The disc is a rollicking ride from start to finish, starting off with the aptly-titled Blues Boss Shuffle.
From there, highlights are aplenty from the swagger of Bankrupted Blues, Blues Stew, Ciao Ciao Baby and the slow-down smoky charm of You Don’t Know Me.
Wayne produced the CD, and said that he wanted to incorporate many of the styles and personal influences that have meant the most to him over the years into the final mix – folks like Ray Charles, Fats Domino among several others.
“My plans were to have the people that I have really respected and loved, to have their influences on this particular recording,” he explained. “While I’m making this wonderful journey through life and having the opportunity to record my own songs, I try to make every recording better than the last,” he said.
Born in Spokane and now based in British Columbia, Wayne has built a stellar reputation within Canada and abroad for his lively attire and energetic concert performances.
Wayne released his first solo album Alive & Loose, which featured Shuggie Otis, on Andy Griggs’ Real Blues Records in 1995. It marked the start of Wayne’s blues journey and was followed by four albums for Canadian label Electro-Fi Records: 88th & Jump Street, Juno Award winning Let It Loose, Can’t Stop Now and the live recording Piano-Rama.
Wayne also recorded in Paris for Isabel Records at the same studio that Memphis Slim frequently recorded. Since joining Stony Plain Records in 2011, he has released An Old Rock On A Roll, which earned him a Blues Foundation nomination for the Pinetop Perkins Piano Award, and Rollin’ with the Blues Boss.
For Jumpin’ and Boppin’, special guest Duke Robillard proved the perfect guitarist and Russell Jackson, B.B. King’s long-time bassist, locks in the rhythm section alongside (and former Red Deerian) Charlie Jacobson, Joey DiMarco, Sherman Doucette and Dave Babcock who have contributed their talents to this recording as well.
Wayne laughed as he recalled having a cold during some of the recording, and that it was done on a comparatively tight timeline.
Still, the results are spot-on and Wayne, in his typically relaxed and humble manner, is certainly pleased with the results and the ‘spirit’ of the project.
Born in Spokane in 1944, Wayne’s family settled in Los Angeles where the West Coast blues scene was bubbling over.
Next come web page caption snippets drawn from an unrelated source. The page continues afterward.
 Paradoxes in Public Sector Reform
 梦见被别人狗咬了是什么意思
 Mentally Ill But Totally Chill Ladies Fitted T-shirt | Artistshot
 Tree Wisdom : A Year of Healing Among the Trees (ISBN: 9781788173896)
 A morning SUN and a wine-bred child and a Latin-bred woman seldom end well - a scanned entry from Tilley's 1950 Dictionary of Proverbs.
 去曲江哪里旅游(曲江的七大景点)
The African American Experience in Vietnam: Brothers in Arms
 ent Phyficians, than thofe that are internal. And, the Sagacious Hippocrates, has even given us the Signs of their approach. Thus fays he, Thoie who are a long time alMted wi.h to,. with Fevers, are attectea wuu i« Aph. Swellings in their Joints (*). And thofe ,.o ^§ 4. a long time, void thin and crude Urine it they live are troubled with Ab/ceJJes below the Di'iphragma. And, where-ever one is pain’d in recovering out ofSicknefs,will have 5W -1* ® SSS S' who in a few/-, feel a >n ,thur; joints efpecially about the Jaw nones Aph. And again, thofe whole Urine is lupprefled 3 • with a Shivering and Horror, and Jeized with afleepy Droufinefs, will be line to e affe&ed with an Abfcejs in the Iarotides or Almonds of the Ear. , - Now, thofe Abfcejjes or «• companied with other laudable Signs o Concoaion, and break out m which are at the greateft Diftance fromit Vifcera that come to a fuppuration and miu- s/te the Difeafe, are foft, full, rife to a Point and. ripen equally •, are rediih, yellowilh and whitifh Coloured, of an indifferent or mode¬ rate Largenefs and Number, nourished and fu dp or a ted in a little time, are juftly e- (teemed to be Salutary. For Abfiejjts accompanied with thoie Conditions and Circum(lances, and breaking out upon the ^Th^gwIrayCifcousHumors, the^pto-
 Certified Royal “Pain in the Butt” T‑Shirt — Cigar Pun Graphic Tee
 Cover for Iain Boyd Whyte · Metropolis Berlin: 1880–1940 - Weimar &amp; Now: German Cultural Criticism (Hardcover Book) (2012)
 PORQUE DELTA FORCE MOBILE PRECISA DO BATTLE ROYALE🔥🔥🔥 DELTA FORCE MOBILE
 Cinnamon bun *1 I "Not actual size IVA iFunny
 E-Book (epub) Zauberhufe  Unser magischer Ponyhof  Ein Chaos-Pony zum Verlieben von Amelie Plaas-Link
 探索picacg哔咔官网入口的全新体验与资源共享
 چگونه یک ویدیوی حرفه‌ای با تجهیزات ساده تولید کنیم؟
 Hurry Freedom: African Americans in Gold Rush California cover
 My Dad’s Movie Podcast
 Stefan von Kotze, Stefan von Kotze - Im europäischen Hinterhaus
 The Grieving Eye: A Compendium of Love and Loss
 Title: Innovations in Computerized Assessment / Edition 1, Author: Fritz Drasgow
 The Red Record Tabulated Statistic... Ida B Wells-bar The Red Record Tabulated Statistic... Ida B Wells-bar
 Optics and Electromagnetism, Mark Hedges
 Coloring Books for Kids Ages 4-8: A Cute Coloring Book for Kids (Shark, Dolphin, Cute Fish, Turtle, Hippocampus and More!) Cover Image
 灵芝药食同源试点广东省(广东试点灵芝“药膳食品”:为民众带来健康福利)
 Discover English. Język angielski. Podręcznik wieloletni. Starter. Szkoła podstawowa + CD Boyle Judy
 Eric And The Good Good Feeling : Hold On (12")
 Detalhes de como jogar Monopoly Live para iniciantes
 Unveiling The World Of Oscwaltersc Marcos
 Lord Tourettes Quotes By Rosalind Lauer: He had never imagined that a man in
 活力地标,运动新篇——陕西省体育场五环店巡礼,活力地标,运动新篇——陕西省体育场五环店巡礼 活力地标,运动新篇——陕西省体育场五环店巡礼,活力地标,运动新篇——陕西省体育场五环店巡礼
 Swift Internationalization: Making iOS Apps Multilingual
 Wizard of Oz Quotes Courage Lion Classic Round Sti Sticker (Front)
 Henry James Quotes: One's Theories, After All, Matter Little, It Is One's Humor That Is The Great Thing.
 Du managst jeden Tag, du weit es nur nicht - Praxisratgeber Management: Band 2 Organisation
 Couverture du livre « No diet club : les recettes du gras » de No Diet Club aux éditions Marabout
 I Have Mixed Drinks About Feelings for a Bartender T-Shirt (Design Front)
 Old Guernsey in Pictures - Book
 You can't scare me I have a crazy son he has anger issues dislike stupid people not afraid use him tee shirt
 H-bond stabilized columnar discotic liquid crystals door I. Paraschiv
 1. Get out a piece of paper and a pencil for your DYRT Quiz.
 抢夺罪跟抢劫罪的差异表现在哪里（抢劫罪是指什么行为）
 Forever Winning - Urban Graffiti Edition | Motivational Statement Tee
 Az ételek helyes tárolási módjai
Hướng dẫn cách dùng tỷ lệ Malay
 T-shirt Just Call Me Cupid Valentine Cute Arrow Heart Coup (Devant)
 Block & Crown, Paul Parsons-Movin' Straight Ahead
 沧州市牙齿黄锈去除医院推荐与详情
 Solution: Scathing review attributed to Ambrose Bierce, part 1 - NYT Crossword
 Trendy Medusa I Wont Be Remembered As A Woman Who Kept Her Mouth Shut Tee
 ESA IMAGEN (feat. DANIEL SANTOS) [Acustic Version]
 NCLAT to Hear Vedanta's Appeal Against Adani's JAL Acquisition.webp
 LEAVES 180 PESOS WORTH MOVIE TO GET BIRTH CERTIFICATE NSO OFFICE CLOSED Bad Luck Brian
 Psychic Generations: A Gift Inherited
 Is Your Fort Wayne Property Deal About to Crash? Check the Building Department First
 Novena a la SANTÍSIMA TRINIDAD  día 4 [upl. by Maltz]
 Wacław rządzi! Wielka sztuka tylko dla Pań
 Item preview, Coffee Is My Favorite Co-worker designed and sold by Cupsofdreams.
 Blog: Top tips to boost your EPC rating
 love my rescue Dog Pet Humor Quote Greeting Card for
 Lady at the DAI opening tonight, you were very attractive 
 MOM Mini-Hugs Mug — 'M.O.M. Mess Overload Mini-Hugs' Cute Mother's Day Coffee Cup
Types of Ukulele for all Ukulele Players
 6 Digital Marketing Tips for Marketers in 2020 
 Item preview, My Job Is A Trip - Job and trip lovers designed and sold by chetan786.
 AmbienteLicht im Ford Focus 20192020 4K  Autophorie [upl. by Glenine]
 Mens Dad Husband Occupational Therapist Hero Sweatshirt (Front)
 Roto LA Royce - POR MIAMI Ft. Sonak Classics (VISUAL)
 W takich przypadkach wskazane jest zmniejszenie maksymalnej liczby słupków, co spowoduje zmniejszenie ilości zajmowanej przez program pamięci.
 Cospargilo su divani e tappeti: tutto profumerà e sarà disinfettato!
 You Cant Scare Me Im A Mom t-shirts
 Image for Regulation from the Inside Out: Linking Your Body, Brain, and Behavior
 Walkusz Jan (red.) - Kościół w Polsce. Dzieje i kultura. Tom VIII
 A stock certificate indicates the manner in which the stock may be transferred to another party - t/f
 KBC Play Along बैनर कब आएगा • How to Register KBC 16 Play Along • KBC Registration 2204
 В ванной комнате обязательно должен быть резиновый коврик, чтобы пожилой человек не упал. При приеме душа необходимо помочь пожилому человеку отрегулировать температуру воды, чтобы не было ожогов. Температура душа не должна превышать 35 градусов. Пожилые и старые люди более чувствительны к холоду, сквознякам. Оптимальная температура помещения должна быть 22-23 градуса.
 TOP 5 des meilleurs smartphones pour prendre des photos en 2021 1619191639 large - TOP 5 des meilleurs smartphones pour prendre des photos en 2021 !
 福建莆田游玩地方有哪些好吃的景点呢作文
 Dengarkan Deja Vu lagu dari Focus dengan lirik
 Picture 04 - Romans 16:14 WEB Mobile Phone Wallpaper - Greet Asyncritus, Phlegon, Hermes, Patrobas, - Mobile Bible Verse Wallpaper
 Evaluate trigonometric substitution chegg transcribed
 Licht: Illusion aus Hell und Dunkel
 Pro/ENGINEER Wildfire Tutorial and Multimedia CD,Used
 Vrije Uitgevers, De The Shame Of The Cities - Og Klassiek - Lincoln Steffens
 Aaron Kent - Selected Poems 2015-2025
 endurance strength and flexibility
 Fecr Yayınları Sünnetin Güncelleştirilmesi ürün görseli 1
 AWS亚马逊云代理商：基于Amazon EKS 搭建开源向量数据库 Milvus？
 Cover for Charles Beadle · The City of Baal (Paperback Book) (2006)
Showing a gift for playing piano early on, Wayne was encouraged by his preacher dad to play gospel.
With folks like Lloyd Glenn, Amos Milburn and Floyd Dixon ruling the airwaves in the early 1950s, it was a tall order for the youngster to steer clear of ‘the devil’s music’.
But by his early teen years, Wayne was playing dozens of gigs in the early ’60s and in 1974, Wayne moved to San Francisco to work with R&B band Earth Rise. Stints with other bands continued but disco was starting to impact the live music scene.
Wayne then put together an R&B revue called The Mighty Ken Explosion and headed to Canada.
The band broke up in the late 1980s, and Wayne settled in Vancouver. His full transformation into ‘Blues Boss’ came following a 1994 tour of Europe. His longtime passion for boogie-woogie and blues paid off in the form of star treatment from piano-loving European music fans, particularly while in Spain.
That period also opened up so many doors internationally – a huge unexpected blessing, he adds.
Wayne also noted that his life has a musician has been one of non-stop inspiration and amazing opportunities to both travel the world and meet some of the finest musicians on the scene both yesterday and today.
He’s also as joyful and energized as ever to pursue his craft.
“The other day I saw Tina Turner on a video. She was going to sing Proud Mary, and first she said, ‘People ask me when I’m going to quit. I tell them, I’m just getting started!’
“I also love what I’m doing – I’m able to meet a lot of great people,” he said reflectively.
“This music business has taken me to places I probably would never have seen otherwise. There are people welcoming you, waiting for you and exciting about you coming to perform. Music has definitely kept me going and it’s kept me intrigued. I also love to see the joy in people’s faces – that keeps me going, and it keeps me happy.”
Tickets for his Red Deer show are available online at www.centralmusicfest.com or at the door.